HYPErLYNX 27.4: außerhalb der zeit, stehen - bewegen
"auszeit" #4
Letztes Konzert der Reihe "auszeit" im Kulturviertel
Musik aus Schweigen
Am Anfang, noch vor dem Wort, war der Ton, die Schwingung. Und das Charakteristikum von Schwingungen ist, dass sie Anfang und Ende nicht eigentlich haben, sondern dass ihnen als zyklische Vorgänge beides immanent ist. Hatten die Konzerte am Freitag und Sonnabend eben diesem Urgrund des Tönens nachgespürt, geht die "auszeit" im letzten Konzert noch einen Schritt weiter. Sie fragt, was vor dem Urknall aller Töne war und was am Ende einer Musikgeschichte, auch jener der Gesellschaft für akustische Lebenshilfe, steht.

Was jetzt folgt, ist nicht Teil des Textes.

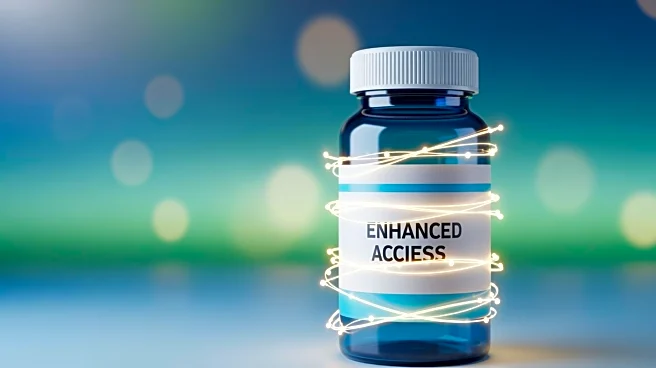 Highmark's Specialty Pharmacy Partnership Enhances Drug Access and Adherence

Doch vor dem Ende der Geschichte stand Entspannendes, ganz am Anfang, am Donnerstag in der Astor-Bar, Boudewijn Buckinx' "Sherlock Holmes Etüden" für Violine solo (Paul Klinck). Charaktervolle Miniaturen, die manchmal an Schumanns "Kinderszenen" erinnern, um in ironischer Rhetorik sich solcherlei Assoziationen gleich wieder zu verweigern. Nicht anders Buckinx' am Sonntag gebotenes "Adagio (the famous one, of course)" (Klavier, John McAlpine), eine schmelzende, bewusst auch schmalzige Liebeserklärung an die nicht mehr einholbare Romantik und doch uneinholbar schön. Auch John White versucht ein Resümmee alter Formen. In seinen "Sonatas" für Klavier schlägt er den Bogen von Scarlattis tänzelnder Unbeschwertheit zu deren Nachwirken bei Bartok, Ravel und Satie, während Chris Newman in "Soul Damage" derlei in konsequent dissonanter Chromatik formuliert und Lasse Laursens "Drowning" in Echos eines Klaviertrios noch einmal die enge Verknüpfung von Raum und Zeit in der Musik aufzeigt.
Mit Jo Kondos "Gardenia" geht es in die Zielgerade. Wittgensteins Satz, "worüber man nicht sprechen kann, darüber muss man schweigen", könnte hier das Motto sein. Denn Geige, Klarinette, Klavier und Vibraphon zeichnen mit sphärisch entrückten Klangfarben Motivfetzen, die sich zu einem eigentümlich löchrigen und doch vollkommenen Gewebe verflechten.
Und dann kommt der Paukenschlag, der auch wirklich mit einem kaum hörbaren Schlag auf die Pauke beginnt: Maria de Alvears "Cortando". Geige und Cello sind mit einem Sordino geknebelt und wispern nur noch, Klarinette, Klavier und Percussion sind zu äußerst verhaltenen Tontupfern reduziert. 45 Minuten spielt die Clark Street Band in unglaublicher Präzision am Rande dessen, was am Ende aller Musik steht und auch ihr Anfang war: das Schweigen.
"Ein Ende ist genauso gut wie ein Anfang", hatte Hauke Harder das Ende der Existenz der Gesellschaft für akustische Lebenshilfe kommentiert. Dieser Satz bekommt am Ende der "auszeit" eine ganz besondere Bedeutung. Mit dem vier-tägigen Programm hat die akustische Lebenshilfe nicht nur einmal mehr Musikgeschichte geschrieben, sie hat mit dem allerletzten Konzert auch einen Kreis eines zehn-jährigen Zyklus geschlossen, in dem sich alle Musik bewegt(e) - den Kreis von Schweigen zu Schweigen, wo Anfang und Ende zusammenfallen.